By Victoria Osinski, PhD
As our daily routines shift away from those of the peak pandemic days in 2020 and 2021, you may have found yourself or others getting sick a little more often this fall and winter. In November 2022, The Centers for Disease Control (CDC) Health Alert Network released a health advisory reporting increased respiratory virus activity.
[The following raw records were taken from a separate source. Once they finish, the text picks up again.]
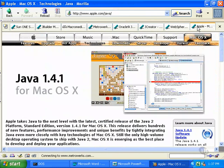Apple has its own Java development system, and, Apple being what Apple is, the development system is in the form of an IDE.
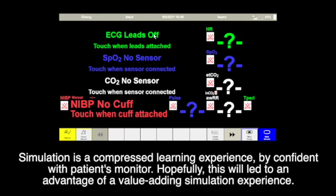Simulation is a compressed learning experience. By gaining confidence with the patient monitor, hopefully this will lead to a value-adding simulation experience.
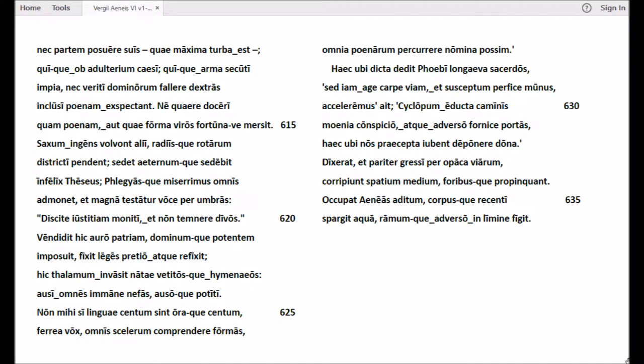Aut qui divitiis soli incubuere repertis, nec partem posuere suis, quae maxima turba est. Qui ob adulterium caesi, qui arma secuti impia, nec veriti dominorum fallere dextras, inclusi poenam expectant. Ne quaere doceri quam poenam, aut quae forma viros fortunave mersit. Saxum ingens volvunt alii, radiisve rotarum districti pendent. Sedet aeternumque sedebit infelix Theseus.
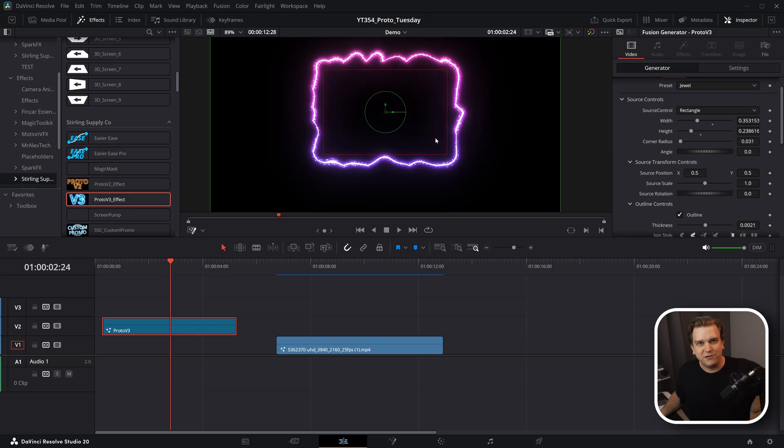I'll be showing off lots of Proto tips and tricks in the future here on the channel — like adding it to other effects, or doing things like using Magic Mask in the Studio version and how to plug that all in. Proto V3 is available today. Check the link in the description and I will see you tomorrow for more Proto week. Thanks for watching!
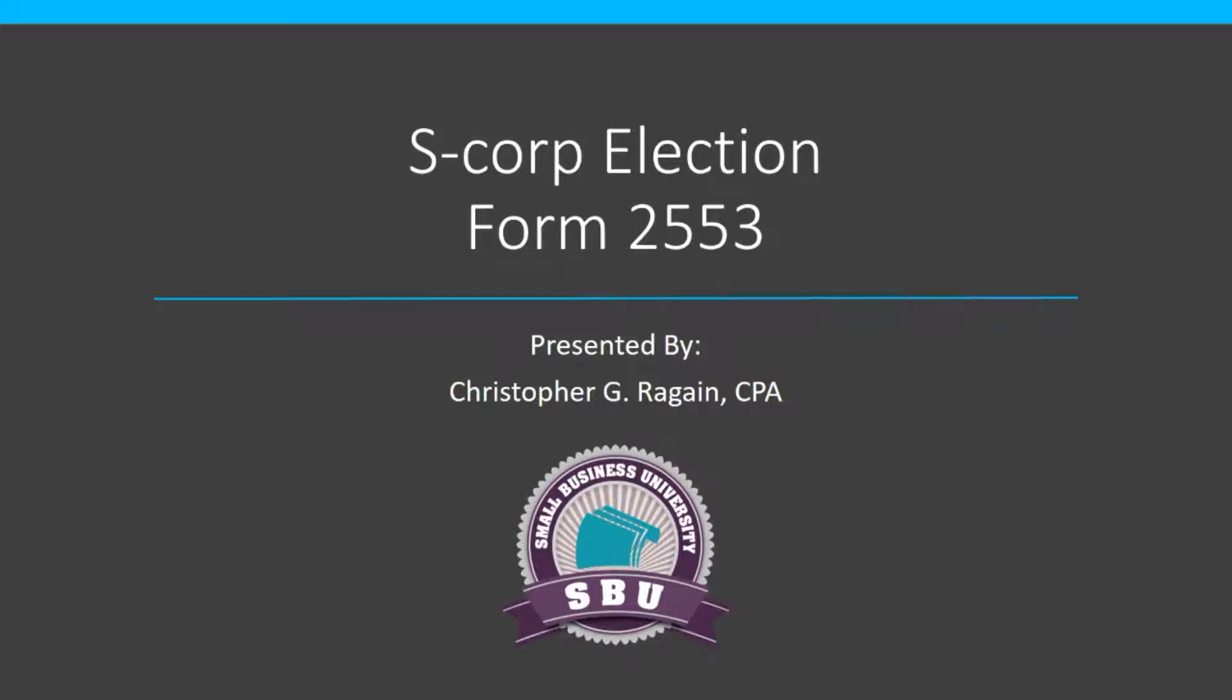In this video, I'm going to show you how to complete Form 2553, which is the S-Corp election.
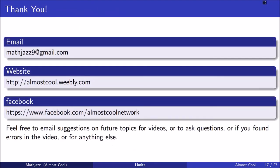Thank you for watching this video. Contact information is on the screen. I hope that you're enjoying learning calculus and I hope you have a great day. Goodbye.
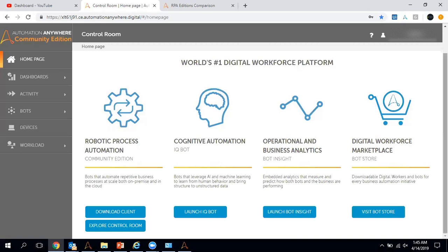From this page you can access all this information without going anywhere else. You can access the Bot Store directly and download sample bots, which you can use for learning purposes or utilize in your projects. This is a very nice addition that Automation Anywhere has started.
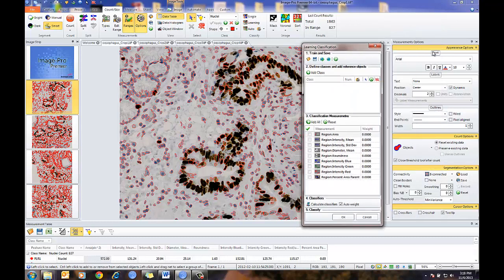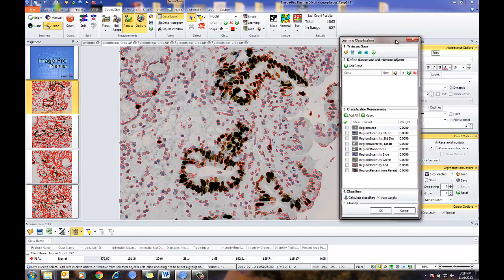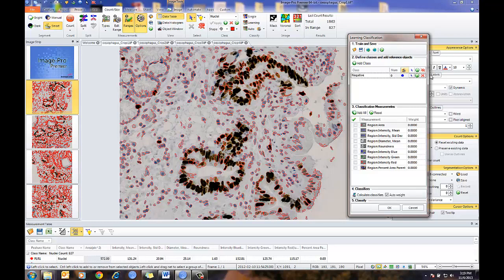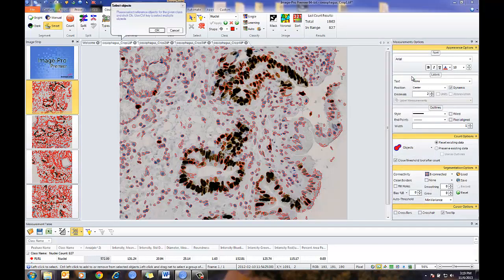I've also brought up my measurement options, because this will be a very nice way of seeing and color-coding my nuclei. I'm going to add a class — you'll notice it gives a class name, the number of objects, the color, and a pointer for selecting my reference objects and building that grouping. I can reset and delete any class. I'm going to name the first class Negative. It'll be outlined in blue. I'll simply select my Selection tool, and it gives me a prompt for selecting my nuclei.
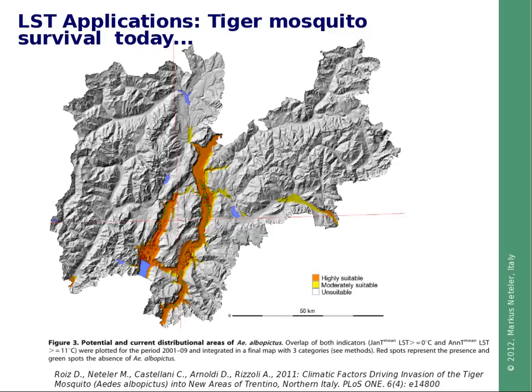Here are some results. The tiger mosquito distribution is shown for a small area in northern Italy — the province of Trentino. Using the described indicators, we see three areas: highly suitable, moderately suitable, and unsuitable. Points on the map are trap data showing quite good correspondence with the model, though this is a potential distribution map. This map was published one year ago; meanwhile the spread has continued and more records have been obtained.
The frequency of infections and hospitalizations, especially amongst children, were higher than years prior and the CDC found increased incidence of both respiratory syncytial virus (RSV) and influenza viruses.1 The CDC reports that hospitalizations due to RSV peaked earlier and at a higher frequency than in the past four winter seasons.2 Fortunately, influenza hospitalization frequency and percentage of outpatient visits did not surpass that of prior years but did, like RSV, peaked earlier in the season.3 As we observe these earlier infections, it may be helpful to discuss what exactly these viruses are, how we get sick from them, and what happens when someone is infected with both viruses simultaneously.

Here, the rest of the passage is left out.